● **EXERCISE REQUIREMENTS**
How many lines below contain the word "Beach"? Answer with that number alone.

Caption-style text data:
● ● ● ● ● ● ●
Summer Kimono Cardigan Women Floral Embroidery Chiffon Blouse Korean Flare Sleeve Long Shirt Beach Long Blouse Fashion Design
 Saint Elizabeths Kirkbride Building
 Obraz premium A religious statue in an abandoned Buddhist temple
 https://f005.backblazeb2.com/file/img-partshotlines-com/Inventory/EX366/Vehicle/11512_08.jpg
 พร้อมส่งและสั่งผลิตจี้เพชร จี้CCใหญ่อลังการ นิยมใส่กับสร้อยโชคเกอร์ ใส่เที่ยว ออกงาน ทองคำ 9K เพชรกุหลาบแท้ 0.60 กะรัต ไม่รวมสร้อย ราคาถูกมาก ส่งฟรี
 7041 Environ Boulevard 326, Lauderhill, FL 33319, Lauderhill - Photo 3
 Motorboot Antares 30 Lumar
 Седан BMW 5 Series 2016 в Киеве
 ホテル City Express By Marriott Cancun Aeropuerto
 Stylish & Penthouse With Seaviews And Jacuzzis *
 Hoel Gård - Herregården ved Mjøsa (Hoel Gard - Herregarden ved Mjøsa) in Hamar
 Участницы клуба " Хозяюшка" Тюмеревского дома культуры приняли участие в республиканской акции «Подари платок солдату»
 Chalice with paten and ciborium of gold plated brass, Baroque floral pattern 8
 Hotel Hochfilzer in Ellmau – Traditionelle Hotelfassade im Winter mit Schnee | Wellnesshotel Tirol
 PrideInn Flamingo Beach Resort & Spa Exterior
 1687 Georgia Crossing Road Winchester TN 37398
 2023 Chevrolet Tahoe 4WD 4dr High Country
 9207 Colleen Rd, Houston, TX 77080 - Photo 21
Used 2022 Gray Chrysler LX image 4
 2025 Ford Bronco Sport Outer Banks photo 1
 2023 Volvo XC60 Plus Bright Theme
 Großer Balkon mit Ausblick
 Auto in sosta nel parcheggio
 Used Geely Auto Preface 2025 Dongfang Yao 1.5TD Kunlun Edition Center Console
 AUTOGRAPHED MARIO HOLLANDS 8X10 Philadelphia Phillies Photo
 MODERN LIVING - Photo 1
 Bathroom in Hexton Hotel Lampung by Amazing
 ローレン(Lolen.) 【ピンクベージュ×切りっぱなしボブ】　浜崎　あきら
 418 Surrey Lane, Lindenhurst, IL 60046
● ● ● ● ● ● ●
● **TASK RESULT**
2